Material for this task
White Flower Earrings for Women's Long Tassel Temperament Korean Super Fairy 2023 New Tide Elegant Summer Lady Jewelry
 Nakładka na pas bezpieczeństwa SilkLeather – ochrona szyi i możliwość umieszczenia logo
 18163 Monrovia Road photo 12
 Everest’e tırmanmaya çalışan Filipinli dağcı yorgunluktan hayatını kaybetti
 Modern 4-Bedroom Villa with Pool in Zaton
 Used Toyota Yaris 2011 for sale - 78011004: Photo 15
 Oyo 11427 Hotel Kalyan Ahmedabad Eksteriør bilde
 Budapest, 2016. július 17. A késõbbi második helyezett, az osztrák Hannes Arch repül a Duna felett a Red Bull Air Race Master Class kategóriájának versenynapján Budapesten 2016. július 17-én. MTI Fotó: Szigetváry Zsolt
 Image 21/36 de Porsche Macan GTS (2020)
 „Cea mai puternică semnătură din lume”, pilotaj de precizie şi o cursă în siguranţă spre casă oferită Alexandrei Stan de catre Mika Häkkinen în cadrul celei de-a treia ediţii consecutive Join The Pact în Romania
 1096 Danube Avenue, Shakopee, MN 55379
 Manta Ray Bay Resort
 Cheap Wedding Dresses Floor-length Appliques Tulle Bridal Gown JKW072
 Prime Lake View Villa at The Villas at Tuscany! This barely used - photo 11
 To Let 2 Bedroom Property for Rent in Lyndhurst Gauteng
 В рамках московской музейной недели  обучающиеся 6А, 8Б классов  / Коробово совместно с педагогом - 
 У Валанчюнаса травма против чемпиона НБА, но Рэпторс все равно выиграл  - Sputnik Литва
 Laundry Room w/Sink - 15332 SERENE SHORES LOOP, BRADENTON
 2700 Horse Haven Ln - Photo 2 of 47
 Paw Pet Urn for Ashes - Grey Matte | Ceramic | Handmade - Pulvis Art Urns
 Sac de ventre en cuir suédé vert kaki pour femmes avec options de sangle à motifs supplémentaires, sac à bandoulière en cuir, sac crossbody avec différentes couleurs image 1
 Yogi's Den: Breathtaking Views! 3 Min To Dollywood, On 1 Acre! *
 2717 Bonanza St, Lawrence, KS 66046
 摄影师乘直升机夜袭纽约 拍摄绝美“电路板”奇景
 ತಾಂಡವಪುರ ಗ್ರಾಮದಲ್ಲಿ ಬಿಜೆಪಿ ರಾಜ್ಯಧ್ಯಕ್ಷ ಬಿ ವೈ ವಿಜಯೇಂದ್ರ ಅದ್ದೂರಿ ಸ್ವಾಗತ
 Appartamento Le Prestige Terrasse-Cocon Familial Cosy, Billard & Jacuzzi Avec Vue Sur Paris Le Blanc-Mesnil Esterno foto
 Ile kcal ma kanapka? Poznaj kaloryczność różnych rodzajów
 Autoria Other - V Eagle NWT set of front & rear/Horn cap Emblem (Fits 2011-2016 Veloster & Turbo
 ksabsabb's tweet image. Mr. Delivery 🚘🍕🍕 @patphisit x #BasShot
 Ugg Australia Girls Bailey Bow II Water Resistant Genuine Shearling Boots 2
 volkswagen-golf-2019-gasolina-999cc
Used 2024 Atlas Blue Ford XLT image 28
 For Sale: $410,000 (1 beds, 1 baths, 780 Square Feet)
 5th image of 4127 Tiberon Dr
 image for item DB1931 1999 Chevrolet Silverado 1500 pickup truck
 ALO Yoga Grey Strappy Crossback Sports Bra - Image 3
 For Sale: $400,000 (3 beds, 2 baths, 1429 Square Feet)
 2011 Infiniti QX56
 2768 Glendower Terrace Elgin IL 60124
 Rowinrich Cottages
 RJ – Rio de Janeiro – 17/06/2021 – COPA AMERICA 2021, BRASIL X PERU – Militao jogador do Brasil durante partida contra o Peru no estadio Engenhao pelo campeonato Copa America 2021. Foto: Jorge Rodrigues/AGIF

What to work on
Sift the material for lines with the string "Bedroom". Copy each one found.

Exercise output
 Modern 4-Bedroom Villa with Pool in Zaton
 To Let 2 Bedroom Property for Rent in Lyndhurst Gauteng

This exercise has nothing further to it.